Davy and I spent a week in Michigan visiting family.We went for two reasons. First it was Rosh Hashanah – the Jewish New Year. I love that the Jewish New Year falls so close to the Ethiopian New Year. It makes early fall seem even more special and serendipitous. The second reason we went to Michigan is that most of my family hasn’t met her so my Dad and Stepmom wanted to throw a giant party in her honor. It was really terrific watching Davy meet friends and family. I found it pretty poignant for her to meet some of my parents’ friends who have known me my entire life. I jokingly referred to it as her “toddler cotillion” because there were more people at this party than were at mine and Andy’s wedding – like double the amount. My stepmom even had party favors, cookies with “Davy” printed on them in icing. Do you want one? We brought fifty home.

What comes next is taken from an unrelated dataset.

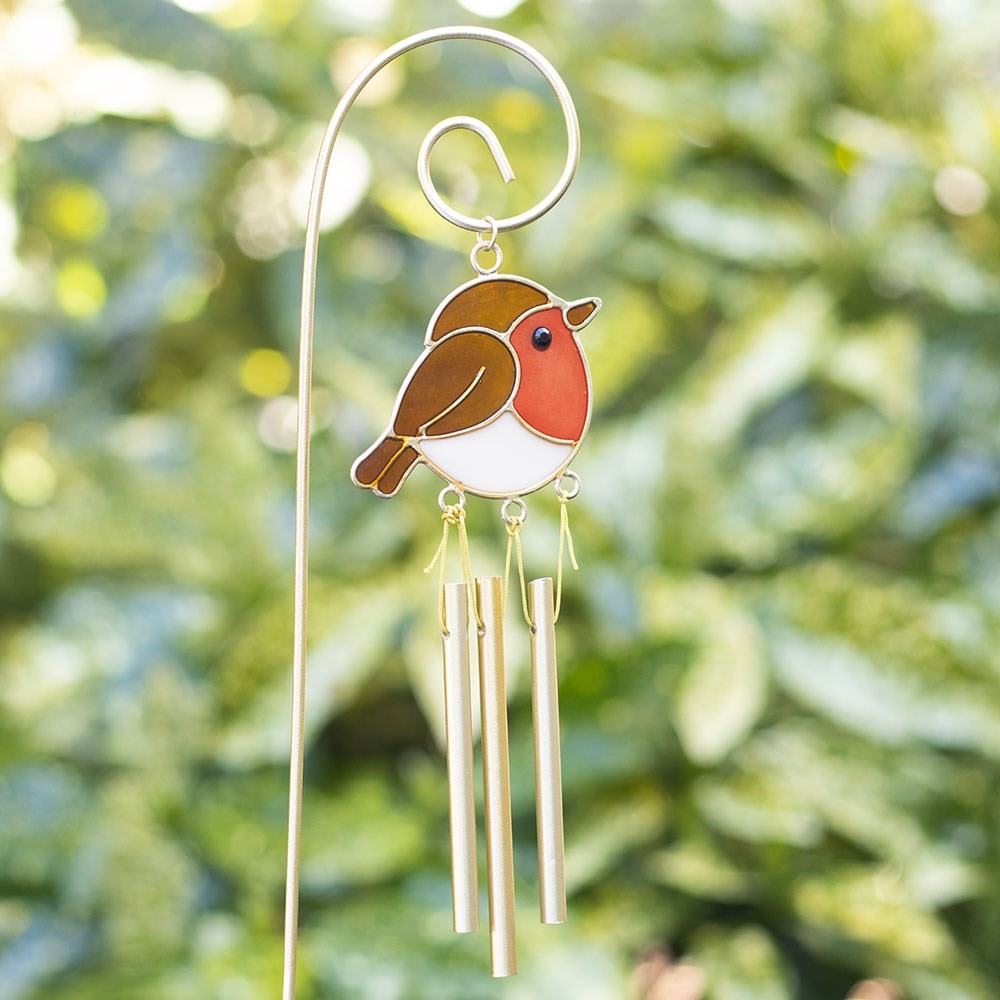 Set of 12 Robin Remembrance Windchime Stakes in Display Set of 12 Robin Remembrance Windchime Stakes in Display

I am deeply ambivalent about the town I grew up in – who isn’t I guess? I left home at 17 and never returned. I grew up in West Bloomfield, Michigan, a white, upper-middle class, suburban…and mostly Jewish suburb of Detroit. From the time I could pretty much think for myself, I very much wanted to get the hell out of there. It is a perfectly fine place to raise a family, just not mine, and it gives me the willies going home. It brings me back to being a chubby, acerbic, smart ass 12 year old feeling very alone in a world full of Jewish American princes and princesses.

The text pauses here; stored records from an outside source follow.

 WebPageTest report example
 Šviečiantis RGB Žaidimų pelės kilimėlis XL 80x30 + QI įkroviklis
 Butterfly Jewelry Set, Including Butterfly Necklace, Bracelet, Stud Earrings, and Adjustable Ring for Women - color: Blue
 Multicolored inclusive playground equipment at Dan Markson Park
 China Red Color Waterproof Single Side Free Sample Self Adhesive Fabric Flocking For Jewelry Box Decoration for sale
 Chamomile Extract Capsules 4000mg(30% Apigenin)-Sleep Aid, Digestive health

It also gave me whiffs of my past life that filled me with sadness… Seeing the house I grew up in… Driving past the nursing home where both of my grandparents died… Visiting my grandfather’s 93-year old best friend, riddled with cancer… The look of happiness and gratitude when his wife realized who I was – we made her so happy visiting her on Rosh Hashanah…
Bitterness and sweetness – a strange way to start the New Year.
Michigan for ME is never the place I would raise my kids; it’s not even a place I willingly go for vacations. It’s a place I visit, to see old friends and the people who I love. It is not a place that defines me anymore, instead it’s just somewhere I lived for a while and that we go back to from time to time. I am adult enough to understand that “being from there” and rejecting it is what used to define me (in my 20s), but now in my 40s, its just one place out of many that I have lived.
For Davy, on the other hand, Michigan is a magical place. She got to hang out with two of her favorite people on the planet, her Papa Jack and Grammy Adela. She had toys to play with and a nearby lake to explore while sticking things in the mud. And she got to meet her new BFFs, her cousins Abby and Matthew. Abby, age 8, would pick Davy up and move her around like an interactive doll. And Davy didn’t seem to mind in the least, but definitely gave Abby a run for her money in terms of sass and attitude. She even got to hang out with her glamorous cousins, Jordyn and Jonah.
While back there, I got to meet my friend Cheryl (who I have known since kindergarten) for apple cider with our kids. I was telling her about the party and how anxious it made me. Cheryl commented that it didn’t seem like me to even agree to it. I laughed and said that I was more mature now. After all, it is good for my kid, so I can deal with the three hours of my life.
Also, Davy handled the whole week, like a champion. She did have her moments at the party, but, of course, loved the attention. And she LOVED going to synagogue for Rosh Hashanah. She danced to the music and at some point wondered up to the Bimah during services and spent a several minutes being entertained by a very young woman rabbi.
After my weeklong trepidatious walk down memory lane, I had a minor parenting epiphany. I realized that all of my Michigan angst was really just MY shit and it isn’t fair for me to put it on Davy. She had an awesome time. When she is an adult it’s totally her prerogative to hate the town that she grew up in. Hell, it’s a rite of passage we all have to go through.